A portable cell phone charger
These days, a dead mobile phone creates a legitimate crisis. Being stuck in a ditch with no way to call for help is pure nightmare fuel. To keep this essential device operating when you need it most, tuck a portable charging brick into your emergency kit. Make sure the portable phone charger is fully charged itself before you stow it away, and be sure to include any cables you’ll require to connect it to your phone.
More items to consider including in your winter car emergency kit
If you don’t already have a first aid kit in your vehicle, now’s the time to buy one that can stay there full-time. You may also want to consider including a flashlight and some batteries in your emergency kit.
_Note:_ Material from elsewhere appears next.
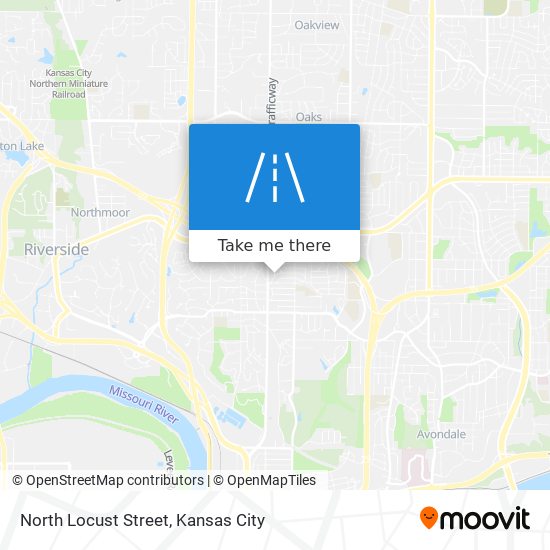 North Locust Street map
While modern mobile phones work well as flashlights, this function drains the battery quickly when you may need to preserve it. Some drivers like to add road flares, safety triangles, and/or a safety vest to a winter car emergency kit to improve their roadside visibility.
And if your winter road trip will take you well outside of mobile phone service, consider purchasing an emergency personal locator beacon. These devices can alert emergency services that you’re in distress and are traceable to anywhere in the world. They’re pricy, but if you spend a significant amount of time far from civilization, the peace of mind may be worth it.
Frequently asked questions (FAQs)
What should I pack in my car for winter emergencies?
A well-packed winter car emergency kit includes jumper cables or a booster kit, warm clothing and blankets, bottled water and non-perishable food, a candle and matches, a snow brush and ice scraper, and some salt or sand.
Can you leave a first aid kit in your car?
Not only can you leave a first aid kit in your car, it’s highly recommended. A well-stocked first aid kit should be accessible in your car at all times in case of an emergency.
What should you add to your emergency kit in winter to help with traction?
It’s a good idea to keep a bag of sand, road salt, or kitty litter in your car during the winter months. Pour these items behind your drive wheels to improve their traction on icy surfaces.